Task to carry out:
An exact copy of the data is needed, one that excludes all pictures.

Collected data:

________________________________________

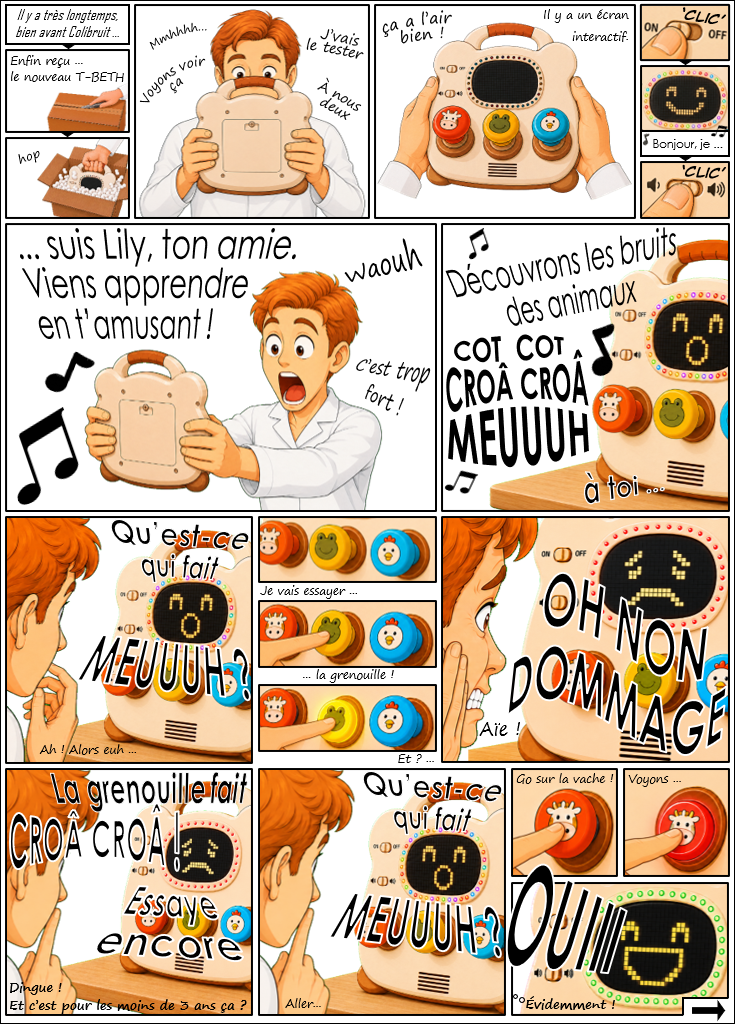 Trop fort 1/2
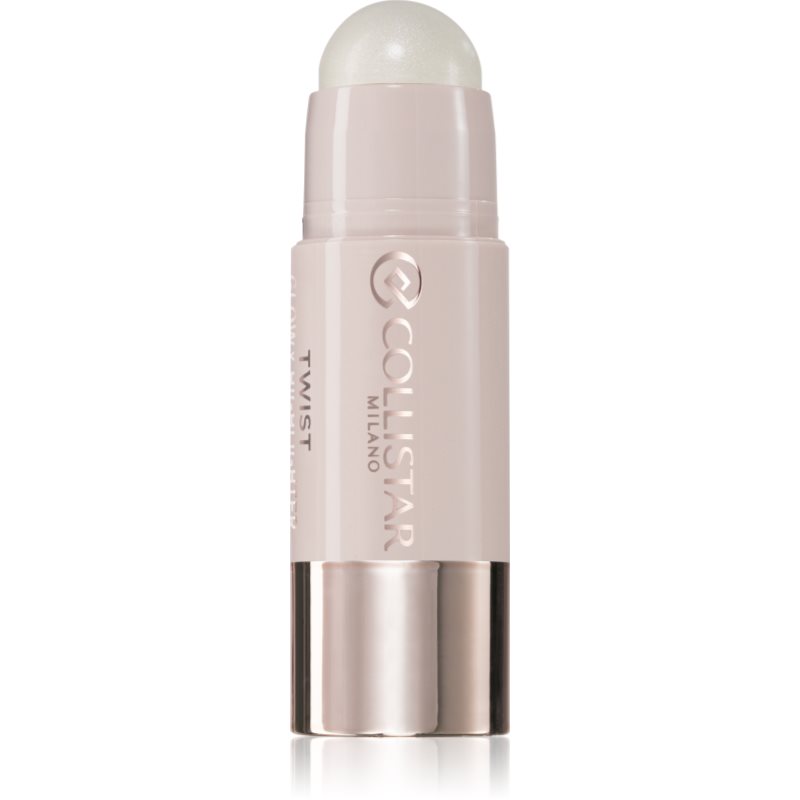 Collistar Twist Glowy Highlighter Stick Strălucire culoare 02 - Luna 5 g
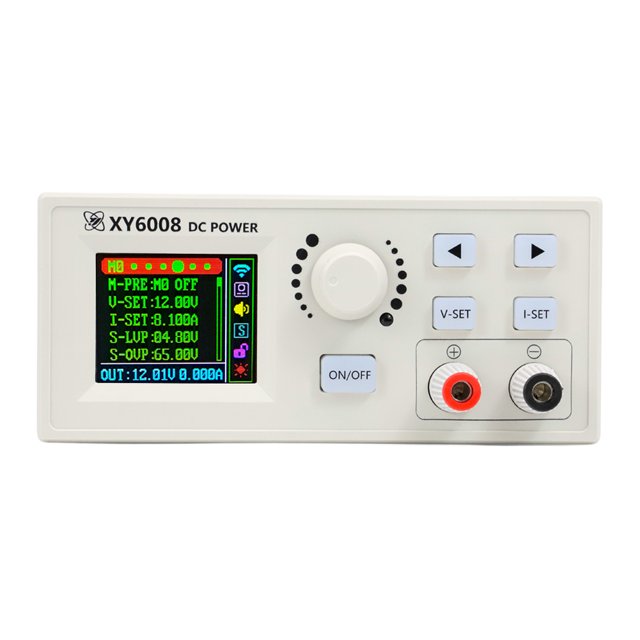 Módulo Convertidor Potencia Reductor Corriente Regulada Por Ajustable XY6008 NC (XY6008)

________________________________________

Answer section:
 Trop fort 1/2
 Collistar Twist Glowy Highlighter Stick Strălucire culoare 02 - Luna 5 g
 Módulo Convertidor Potencia Reductor Corriente Regulada Por Ajustable XY6008 NC (XY6008)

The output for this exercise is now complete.